## DATA TO USE
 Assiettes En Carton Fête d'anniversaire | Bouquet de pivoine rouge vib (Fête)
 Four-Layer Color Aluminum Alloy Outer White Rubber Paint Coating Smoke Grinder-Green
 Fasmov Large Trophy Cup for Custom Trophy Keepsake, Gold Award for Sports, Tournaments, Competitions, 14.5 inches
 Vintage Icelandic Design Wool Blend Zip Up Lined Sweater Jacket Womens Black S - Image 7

* * *

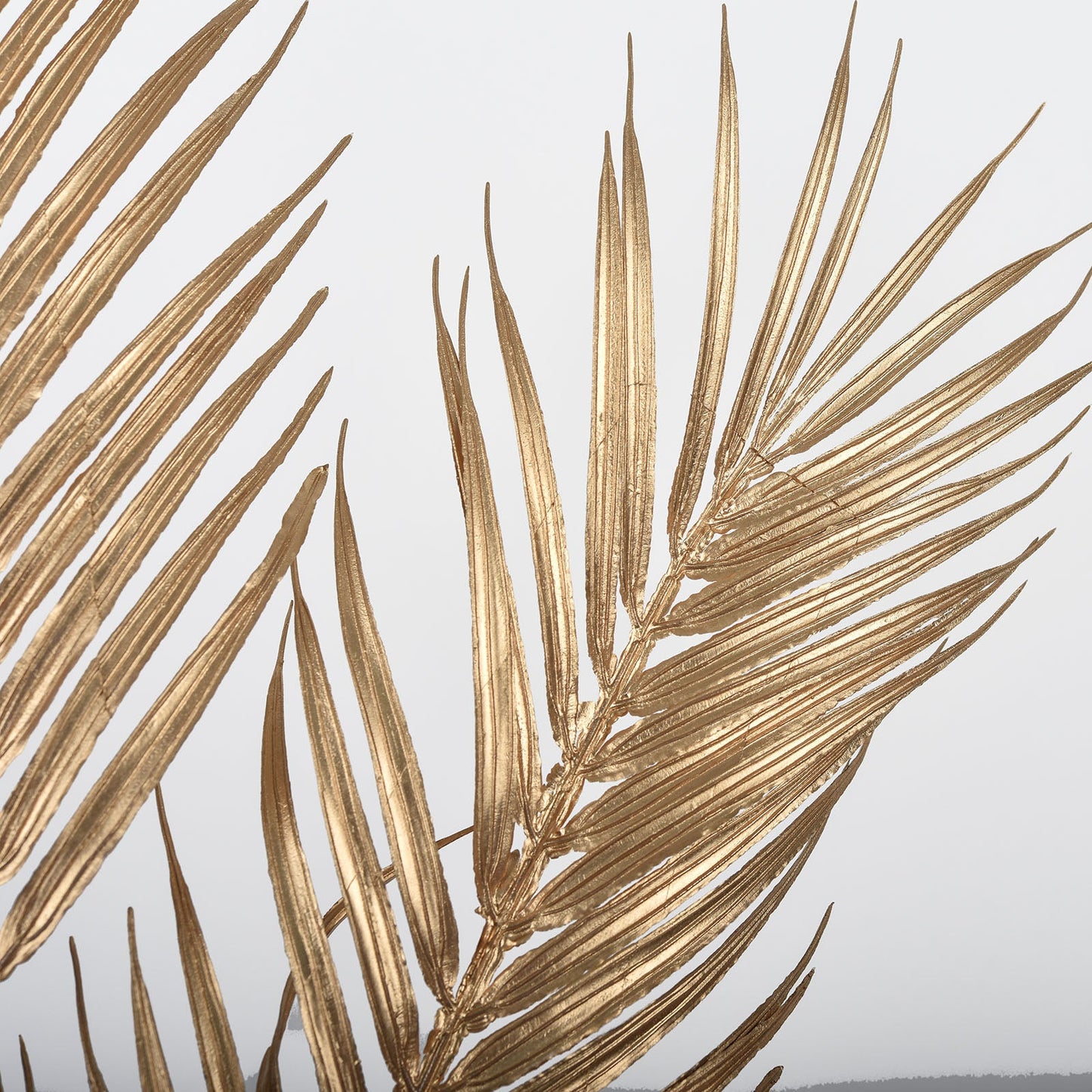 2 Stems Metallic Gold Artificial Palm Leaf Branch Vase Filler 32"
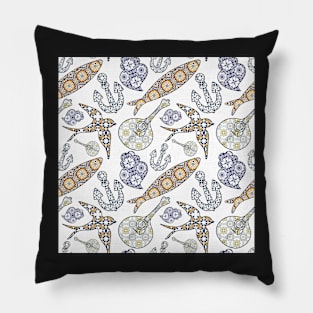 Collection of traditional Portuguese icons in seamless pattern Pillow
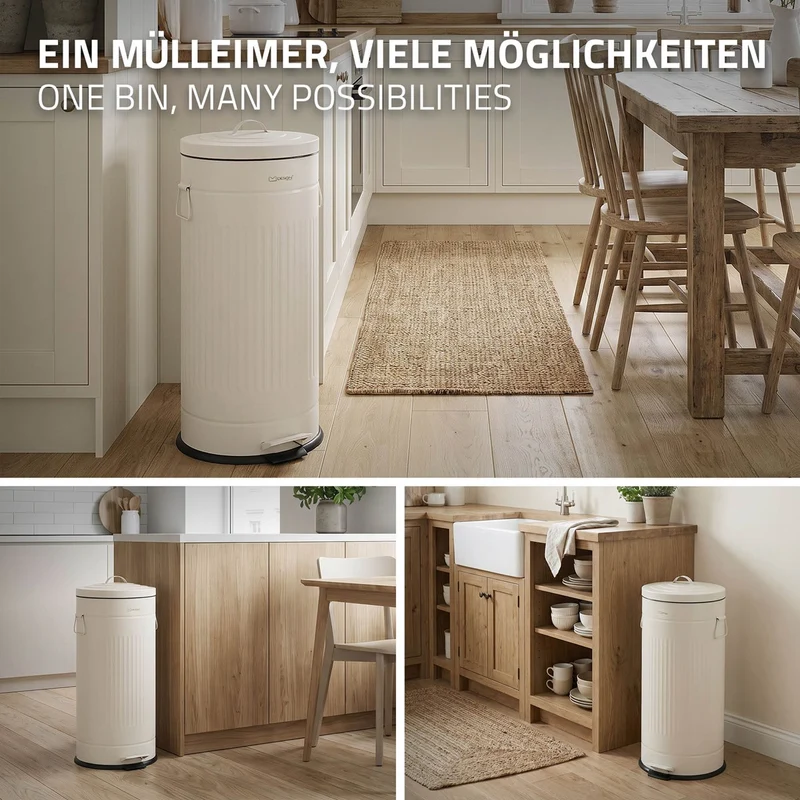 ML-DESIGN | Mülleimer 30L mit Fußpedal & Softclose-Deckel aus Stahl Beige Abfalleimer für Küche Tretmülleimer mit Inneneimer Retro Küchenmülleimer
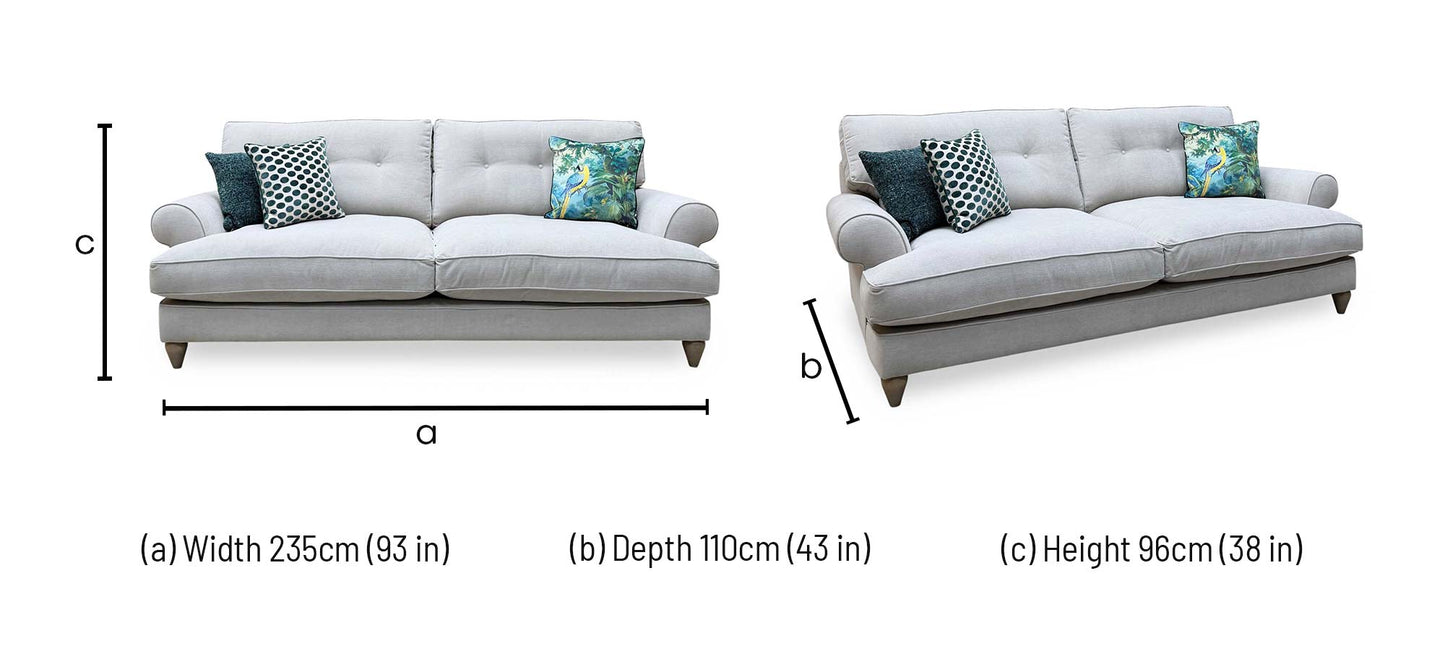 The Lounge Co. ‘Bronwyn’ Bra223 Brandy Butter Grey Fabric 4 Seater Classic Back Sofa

## WHAT IS BEING ASKED
Restate word for word every line from the one with "Collection of traditional" up to and including the one with "The Lounge Co." in the records above, minus the pictures.

## PROBLEM SOLUTION
 Collection of traditional Portuguese icons in seamless pattern Pillow
 ML-DESIGN | Mülleimer 30L mit Fußpedal & Softclose-Deckel aus Stahl Beige Abfalleimer für Küche Tretmülleimer mit Inneneimer Retro Küchenmülleimer
 The Lounge Co. ‘Bronwyn’ Bra223 Brandy Butter Grey Fabric 4 Seater Classic Back Sofa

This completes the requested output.